Un podium déjà réglé, des étapes vallonnées et des Français survoltés ? Loin au général, les chasseurs d'étapes du peloton, dont de nombreux tricolores, abordent la troisième semaine avec gourmandise, tout en croisant les doigts pour obtenir des bons de sortie qui ont fait défaut dans les Pyrénées.
Le tableau était parfait en ce dimanche 14 juillet: des cols à n'en plus finir, un décor somptueux sous un soleil radieux, et une arrivée au sommet pour conclure la journée. Sauf que les deux patrons du peloton ont décidé de se livrer une nouvelle bataille, signant par la même l'acte de décès de toute tentative d'échappée.
«Nous aujourd'hui on aurait bien laissé l'échappée parce que ce n'était pas notre intérêt d'aller la chercher», s'est défendu Mauro Gianetti, le manager de la formation UAE de Tadej Pogacar, rejetant presque la faute sur les Visma de Jonas Vingegaard.
«C'est un peu frustrant et décourageant. Il y a plein d'étapes où j'ai bataillé pour prendre l'échappée, et après tu vois UAE qui met un gros tempo... C'est dur mentalement», a regretté le coureur de la formation TotalEnergies Jordan Jégat.
Certains se montrent même résignés face au niveau imposé par les deux armadas. «C'était soit je donnais tout pour prendre l'échappée, soit il n'y avait aucun intérêt à s'accrocher pour souffrir derrière», a par exemple estimé Romain Bardet.
«On trinque»
Un coup UAE dans le Pla d'Adet samedi, un coup Visma sur les routes ariégeoises dimanche. Et au milieu de ce combat de titans, des coureurs qui n'ont même pas de miettes à se partager. «C'est vraiment une guerre psychologique entre les deux équipes et nous, les attaquants, on trinque un peu au milieu de tout ça, c'est frustrant», a expliqué Guillaume Martin dimanche soir.
Mais la situation devrait changer pour la troisième et dernière semaine de ce Tour: les écarts sont immenses entre les trois premiers et la bagarre pour le général devrait connaître quelques temps calmes. «Les échappées vont avoir un peu plus de liberté», prophétise Tom Steels, le directeur sportif de la Soudal-Quick Step de Remco Evenepoel, troisième.
Et elles auront un terrain de jeu à leur convenance, avec un parcours exigeant et sélectif lors d'une fin de Tour inédite qui amènera le peloton jusqu'à Nice dimanche.

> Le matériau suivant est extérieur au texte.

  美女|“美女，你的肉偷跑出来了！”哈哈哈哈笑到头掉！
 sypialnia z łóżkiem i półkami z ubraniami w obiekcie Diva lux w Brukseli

Si les sprinteurs devraient profiter de l'étape allant de Gruissan à Nîmes mardi pour tenter d'aller s'offrir une dernière victoire d'étape dans ce Tour, les quatre étapes suivantes offrent des opportunités pour les baroudeurs et les grimpeurs largués au général. Les premiers tenteront leur chance mercredi en direction de Superdévoluy, puis jeudi entre Gap et Barcelonette avec un parcours casse-pattes et 3’100 m de dénivelé positif.
Bouée de sauvetage
De quoi confirmer le bon Tour des représentants français venus en chasseurs d'étapes cette année. Une stratégie jusqu'ici payante puisque les deux premiers bouquets ont été décrochés par Romain Bardet et Kévin Vauquelin en Italie, avant qu'Anthony Turgis ne surprenne tout le monde lors de l'étape des chemins blancs autour de Troyes.
Les grimpeurs auront eux les yeux rivés sur les journées de vendredi et samedi et les arrivées à Isola 2000 et au col de la Couillole. Et après deux semaines de course, la chasse aux étapes ressemble également à une bouée de sauvetage pour des formations ayant jusque là traversé la Grande boucle de façon anonyme.
C'est notamment le cas de la Groupama-FDJ, souvent à l'avant mais jamais récompensée, ou de l'équipe Décathlon-AG2R, habituée à lever les bras cette saison mais muette depuis le départ de Florence. Les hommes de Vincent Lavenu sont concentrés sur la course aux places d'honneur pour leur leader Felix Gall (11e) mais des coureurs comme le champion de France Paul Lapeira pourraient avoir leur carte à jouer dans les échappées.
En priant pour que les trains des deux locomotives du Tour ne se décident pas à leur rendre la vie impossible.